12 yaş kademelendirmesinin gerekçesini anlamıyoruz. Böyle bir yaş kademelendirmesi kabul edilemez, zira bu kademelendirmenin 12-15 arasındaki çocuklarda rıza aranmasının ve erken evliliklerin önünü açma riski olduğunu düşünüyoruz.

"Ayrıca, maddenin 1. cümlesinde sözü geçen “çocuk” kelimesinden neyin anlaşılması gerektiğinin açıkça ifade edilebilmesi için maddenin başına çocuğun tanımı ile ilgili, ‘TCK’nın 6/1-b’ maddesine atıfta bulunan bir cümle eklenmelidir. Böylece çocuk deyiminden, uluslararası sözleşmelerde de belirtildiği gibi ‘18 yaşını doldurmamış kişi’ net anlaşılacak ve olası yanlış kararların önüne geçilebilecektir.

“Yine aynı maddede hâkimlerin verdiği kararların çocuğun dezavantajına sonuçlanmaması için rıza yaşının 15 olduğu mutlaka belirtilmelidir. Böylece N.Ç. davasında olduğu gibi, 25 kişi tarafından tecavüze uğrayan 13 yaşındaki bir kız çocuğunun rızası olduğu gerekçesiyle sanıklara alt sınırdan ceza verilmesi gibi utanç verici kararların önü kanunen kesilmiş olacaktır.

"Ayrıca bu maddeye bağlı olarak, imam nikâhı yoluyla erken evliliklerin önüne geçebilmek için,  TCK’nın iptal edilen  104/2 maddesinin yeniden düzenlenmesi gerekmektedir ve faille mağdur arasındaki yaş farkının 5 yaştan büyük olması durumunda şikâyet koşulu aranmaksızın bunun cinsel istismar olduğunun açıkça belirtilmesi ve cezanın artırılması gerekmektedir.”

 

Talepler

 

Çalışma grubu yeni yasa sürecinin katılımcı ve şeffaf bir şekilde yürümediğine dikkat çekerek görüşlerini Adalet Komisyonu’nda anlatmak istediklerini söyledi.

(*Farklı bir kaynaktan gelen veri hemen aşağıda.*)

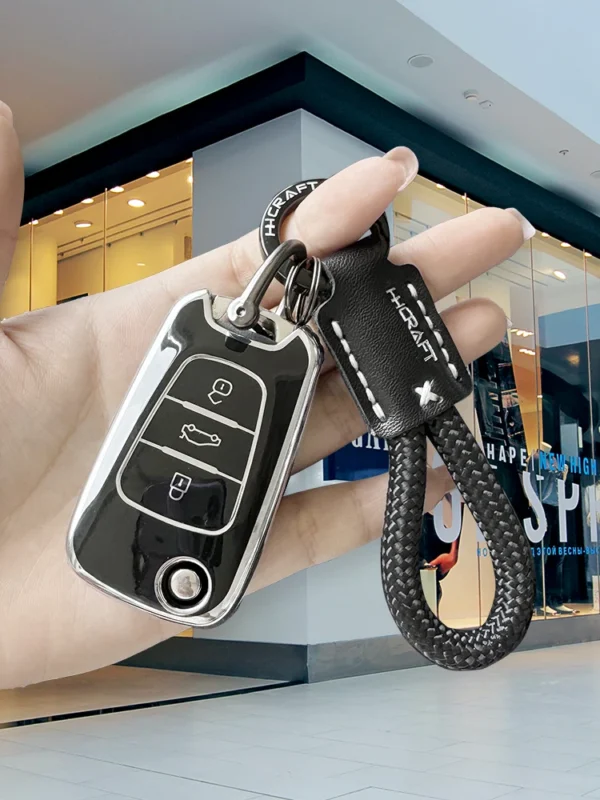Fashionable men's and women's pure handmade woven rope PU high-end leather simple anti loss multifunctional car keychain+car ant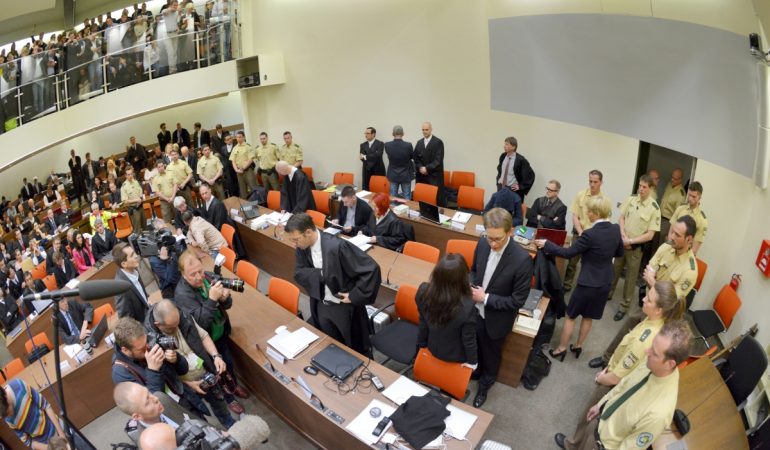 Ein Bild aus dem NSU-Prozess: Die Angeklagte Beate Zschäpe (Gruppe rechts unten in der Mitte) steht vor Beginn des Prozesses im Gerichtssaal München neben ihren Anwälten Wolfgang Stahl (l), Wolfgang Heer und Anja Sturm (r) und dreht den Zuschauern den Rücken zu. (Foto: dpa)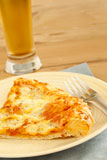 Hot+pizza+on+the+plate+with+cold+beer+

Kanunların mutlaka koruyucu ve önleyici tedbirlerle desteklenmesi gerektiğini de vurguladı ve taleplerini belirtti.

“Bu bağlamda 6284 sayılı Ailenin korunması ve Kadına Yönelik şiddetin Önlenmesi yasası gereğince çocukların cinsellik ve cinsel dokunulmazlık haklarıyla ilgili farkındalıklarını erken yaşta artıracak eğitimlerinin okul müfredatlarına dâhil edilerek etkin bir şekilde uygulanmasını talep ediyoruz. “Çocuk ve kadına yönelik şiddet ve cinsel saldırı suçlarının Türkiye’nin de taraf olduğu İstanbul Sözleşmesi’nde de açıkça belirtildiği gibi uzlaştırma ve arabuluculuk kapsamına alınamayacağı da yasalarda açıkça belirtilmelidir.”